The suit said Avangrid, Iberdrola and Prosegur allowed the sharing of SLI’s trade secrets and bidding information with competitors. “On numerous occasions, the utilities defendants reissued earlier [requests for proposals] — for which SLI had already submitted best and final offers — to facilitate favored vendors, which would submit new bids styled to incorporate misappropriated SLI business secrets,” it said.

Avangrid and Iberdrola “eschewed competitive bidding, engaged in customer and market allocation, and steered contracts to vendors willing to provide equipment and services that were neither competitively priced nor situationally appropriate (and in some cases unnecessary altogether).”

Silva’s suit describes Prosegur as “a physical security company that would normally engage in the installation of video cameras and provide physical security and monitoring services … [that] has neither particular expertise in hardware and software sourcing nor in design and engineering services. Yet Prosegur entities were repeatedly chosen to bid on contracts requiring large-scale hardware acquisitions they were self-evidently unqualified to undertake and were awarded numerous sole-source contracts for related procurements and personnel.”

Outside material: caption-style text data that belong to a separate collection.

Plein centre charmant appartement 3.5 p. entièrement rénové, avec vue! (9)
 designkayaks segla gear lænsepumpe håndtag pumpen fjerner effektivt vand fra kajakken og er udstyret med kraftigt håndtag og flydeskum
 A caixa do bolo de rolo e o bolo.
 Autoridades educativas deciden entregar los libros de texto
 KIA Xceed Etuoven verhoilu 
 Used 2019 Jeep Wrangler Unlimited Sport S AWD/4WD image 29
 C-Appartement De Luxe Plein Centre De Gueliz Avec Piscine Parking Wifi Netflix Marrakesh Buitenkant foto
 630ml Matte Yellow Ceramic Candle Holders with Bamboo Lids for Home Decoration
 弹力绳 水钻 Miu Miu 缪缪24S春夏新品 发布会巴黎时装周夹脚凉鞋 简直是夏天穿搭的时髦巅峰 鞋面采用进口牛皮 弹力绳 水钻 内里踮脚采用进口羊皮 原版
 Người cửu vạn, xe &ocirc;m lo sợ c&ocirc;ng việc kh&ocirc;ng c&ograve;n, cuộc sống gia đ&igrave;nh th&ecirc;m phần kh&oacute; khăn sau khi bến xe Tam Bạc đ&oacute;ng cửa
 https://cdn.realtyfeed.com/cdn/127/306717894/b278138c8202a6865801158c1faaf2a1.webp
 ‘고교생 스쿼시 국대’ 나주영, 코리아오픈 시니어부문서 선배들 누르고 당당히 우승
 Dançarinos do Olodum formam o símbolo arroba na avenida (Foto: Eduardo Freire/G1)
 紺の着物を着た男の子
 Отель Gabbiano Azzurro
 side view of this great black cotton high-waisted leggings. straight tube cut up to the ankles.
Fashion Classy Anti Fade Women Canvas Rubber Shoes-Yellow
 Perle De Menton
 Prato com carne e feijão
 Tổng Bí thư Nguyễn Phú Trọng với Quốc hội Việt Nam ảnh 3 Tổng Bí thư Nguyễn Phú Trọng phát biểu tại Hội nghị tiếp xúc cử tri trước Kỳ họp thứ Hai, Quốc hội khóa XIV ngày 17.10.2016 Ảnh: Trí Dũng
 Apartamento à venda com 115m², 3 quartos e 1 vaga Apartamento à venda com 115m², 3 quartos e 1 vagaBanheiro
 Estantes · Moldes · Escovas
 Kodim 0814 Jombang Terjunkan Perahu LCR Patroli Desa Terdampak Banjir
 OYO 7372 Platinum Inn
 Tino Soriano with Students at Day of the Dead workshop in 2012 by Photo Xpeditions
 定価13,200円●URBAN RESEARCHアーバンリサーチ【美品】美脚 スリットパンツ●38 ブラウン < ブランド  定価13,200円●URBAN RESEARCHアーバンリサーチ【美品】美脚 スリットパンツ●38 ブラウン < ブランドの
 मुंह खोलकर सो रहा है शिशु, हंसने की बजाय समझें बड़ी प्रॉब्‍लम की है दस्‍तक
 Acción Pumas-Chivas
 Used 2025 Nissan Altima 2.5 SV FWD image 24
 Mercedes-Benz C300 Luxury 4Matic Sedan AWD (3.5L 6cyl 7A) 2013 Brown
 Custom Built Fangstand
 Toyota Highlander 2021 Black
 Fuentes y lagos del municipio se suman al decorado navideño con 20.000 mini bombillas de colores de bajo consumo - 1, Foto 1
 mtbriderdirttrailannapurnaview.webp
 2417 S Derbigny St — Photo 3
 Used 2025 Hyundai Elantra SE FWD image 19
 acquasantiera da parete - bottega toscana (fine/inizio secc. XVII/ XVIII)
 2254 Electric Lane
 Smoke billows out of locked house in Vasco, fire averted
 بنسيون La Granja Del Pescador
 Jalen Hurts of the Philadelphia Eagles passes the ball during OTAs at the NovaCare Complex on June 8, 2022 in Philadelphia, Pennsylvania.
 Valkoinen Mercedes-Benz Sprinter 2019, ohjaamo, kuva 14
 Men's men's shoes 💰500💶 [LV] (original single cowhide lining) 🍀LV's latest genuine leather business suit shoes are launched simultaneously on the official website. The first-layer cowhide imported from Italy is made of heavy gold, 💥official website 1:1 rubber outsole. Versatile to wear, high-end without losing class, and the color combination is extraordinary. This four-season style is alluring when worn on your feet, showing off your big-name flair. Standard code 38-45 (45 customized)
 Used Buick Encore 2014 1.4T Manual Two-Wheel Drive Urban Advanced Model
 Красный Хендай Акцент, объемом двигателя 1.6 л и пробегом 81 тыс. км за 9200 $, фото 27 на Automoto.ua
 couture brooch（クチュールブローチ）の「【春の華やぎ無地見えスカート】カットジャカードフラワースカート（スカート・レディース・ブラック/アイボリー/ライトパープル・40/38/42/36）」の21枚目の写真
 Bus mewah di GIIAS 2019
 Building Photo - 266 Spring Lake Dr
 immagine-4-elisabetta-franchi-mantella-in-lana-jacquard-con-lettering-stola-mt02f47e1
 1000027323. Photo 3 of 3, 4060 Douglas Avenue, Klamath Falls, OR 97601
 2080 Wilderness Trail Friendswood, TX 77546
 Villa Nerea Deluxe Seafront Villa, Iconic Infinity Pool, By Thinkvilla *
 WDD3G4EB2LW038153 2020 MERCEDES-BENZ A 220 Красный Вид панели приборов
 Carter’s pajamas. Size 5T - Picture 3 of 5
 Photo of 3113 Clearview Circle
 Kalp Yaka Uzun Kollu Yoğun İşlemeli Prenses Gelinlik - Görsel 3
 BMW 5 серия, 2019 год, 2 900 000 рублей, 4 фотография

Prosegur declined to comment. But Cipher Security COO and CFO Andre Viera Rolim, who was named a defendant in the suit, said in an email: “The company wants to highlight that it is always at the disposal of the authorities and courts of justice to collaborate in everything that is requested. Prosegur always acts with full respect for the rules and current legislation.”

Thermo-Bond-Buildings-(Thermobond)-Content.jpgAvangrid allegedly paid excessive prices to Thermo Bond Buildings, which makes communication shelters, substation buildings and modular data centers. | Thermo Bond Buildings

The suit alleges that UTI increased its warehouse three times over the past several years to store “tens of millions of dollars” in unneeded hardware equipment purchased to achieve Avangrid’s quarterly capital expenditure targets.

Among the equipment procured were “tens of millions of dollars of overpriced and/or unnecessary hardware,” including from Thermo Bond Buildings, which makes communication shelters, substation buildings and modular data centers. Other equipment included Nokia, CISCO and Pivot3 equipment “in wildly excessive quantity.” Avangrid also purchased excessive amounts of data storage and unnecessary software systems, SLI said.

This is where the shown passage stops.